La decisione ha richiesto tuttavia più di un’ora visto che sul tavolo dei granconsiglieri figuravano due rapporti e due opinioni diverse. Da un lato la maggioranza della Commissione della legislazione, rappresentata dal relatore e già commissario della Polizia cantonale Giorgio Galusero (Plr), che riteneva il sistema un prezioso strumento per riuscire ad assicurare alla giustizia i criminali; dall’altra la minoranza commissionale schierata dietro il rapporto dell’ex direttore del Dipartimento delle istituzioni Alex Pedrazzini (Ppd). Minoranza persuasa che il sistema, nella migliore delle ipotesi, finirà per essere inutile. « Nella peggiore invece andrà ad alimentare errori giudiziari » ha incalzato Pedrazzini dal podio, citando poi una perizia in cui il direttore della scuola delle scienze criminali dell’Università di Losanna Pierre Margot, eseguita per conto del Canton Vaud, stronca Viclas, che sarebbe « un mostro amministrativo senza obiettivi né metodi di gestione delle informazioni chiare ».

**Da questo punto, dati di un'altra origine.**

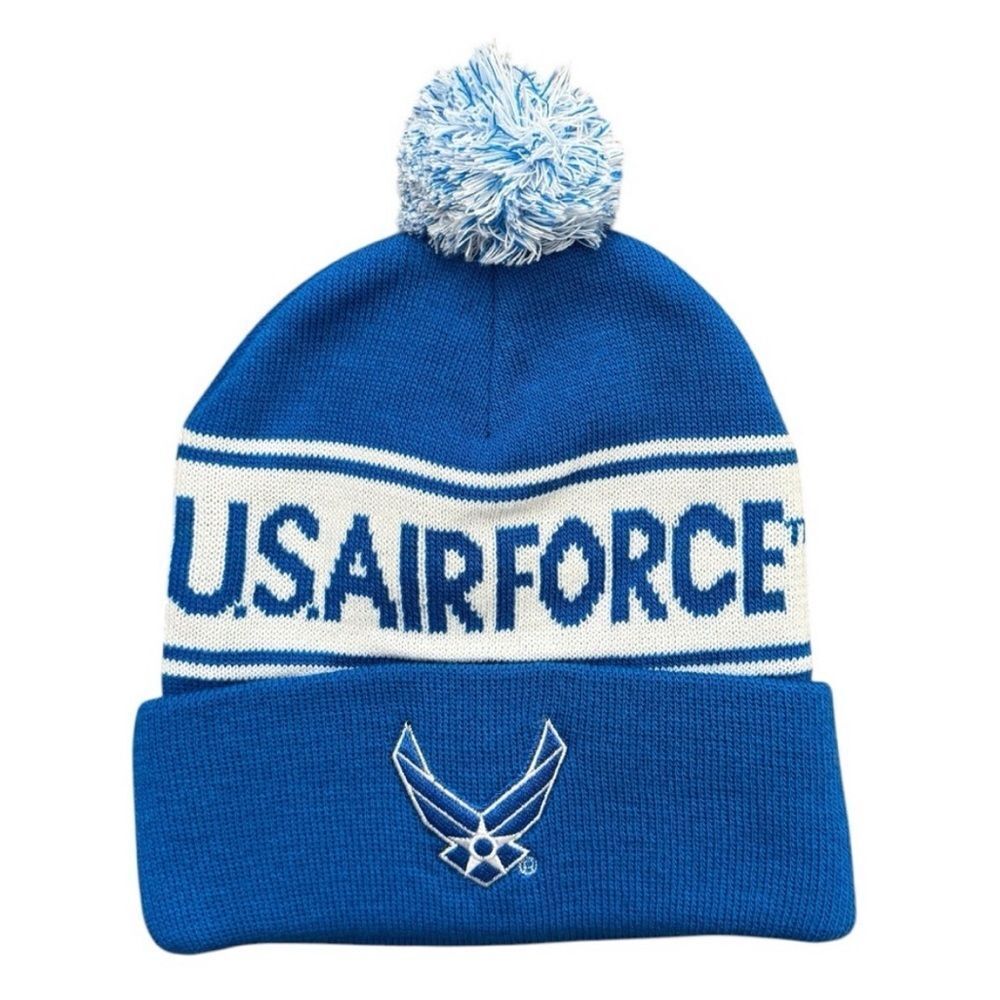 USAF Air Force Knit Pom Beanie Blue White Cuffed Logo Hat NWT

È solo un’opinione, hanno replicato i favorevoli al progetto. Opinione, hanno aggiunto, peraltro contrastata da un rapporto stilato dal comandante della Polizia di Berna, organo che utilizza Viclas dal 2003. « In sette anni Berna ha speso sette milioni su questo progetto – ha replicato Pedrazzini –. Difficile che chi ha voluto il sistema smentisca la sua efficacia ».

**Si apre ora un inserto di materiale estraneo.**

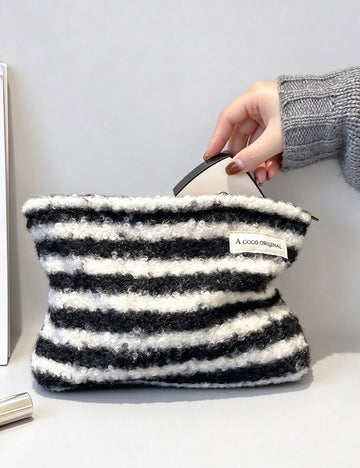 Minimalist Color Block Striped Portable Cosmetic Bag 6C5CO282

Da allora però è stato adottato da ventidue altre polizie cantonali, ha replicato Galusero, « e non credo che i comandanti che lo sostengono siano degli incompetenti ». La banca dati è uno degli strumenti che è necessario « dare alla polizia per permetterle di operare », ha aggiunto il deputato Plr, che negli anni Ottanta da commissario si era occupato anche del caso di Michel Peiry, noto come il ‘sadico di Romont’, serial killer che sull’arco di sei anni ha ucciso almeno cinque persone in vari cantoni. « Al termine dell’inchiesta, trovandoci con i colleghi degli altri cantoni, ci siamo chiesti come Peiry abbia potuto operare indisturbato per così tanto tempo. Con un sistema come Viclas lo avremmo probabilmente preso prima ».
Alternative alla banca dati, ha aggiunto il consigliere di Stato Norman Gobbi « non ce ne sono. Non possiamo quindi dire ‘no’ e basta ». Meglio, secondo il direttore del Dipartimento delle istituzioni, « aderire al concordato per partecipare al miglioramento del sistema » facendo tesoro dell’esperienza maturata con il suo utilizzo. I costi – 160 mila franchi annui – « sono pochi se ciò permette di salvare delle vite ».
Sostegno convinto al sistema anche dal Plr, come ha sottolineato Paolo Pagnamenta (« Viclas risponde alle necessità di un mondo dove la libera circolazione delle persone ha reso le indagini più difficili »). Sì « convinto » anche dall’Udc Orlando Del Don . Qualche dubbio invece in casa Lega. Libertà di voto per i leghisti dal momento che, come ha rilevato Angelo Paparelli , « non è chiaro se il santo valga la candela ». No da parte dei Verdi. A gettare ombre sul sistema, ha chiosato l’ecologista Greta Gysin , è il rapporto Margot, secondo cui fra l’altro « il sistema manca di trasparenza. Posso capire la necessità che alcuni dettagli debbano rimanere confidenziali. Questo però non giustifica la quasi totale mancanza d’informazioni riguardo ai contenuti o il metodo del sistema ».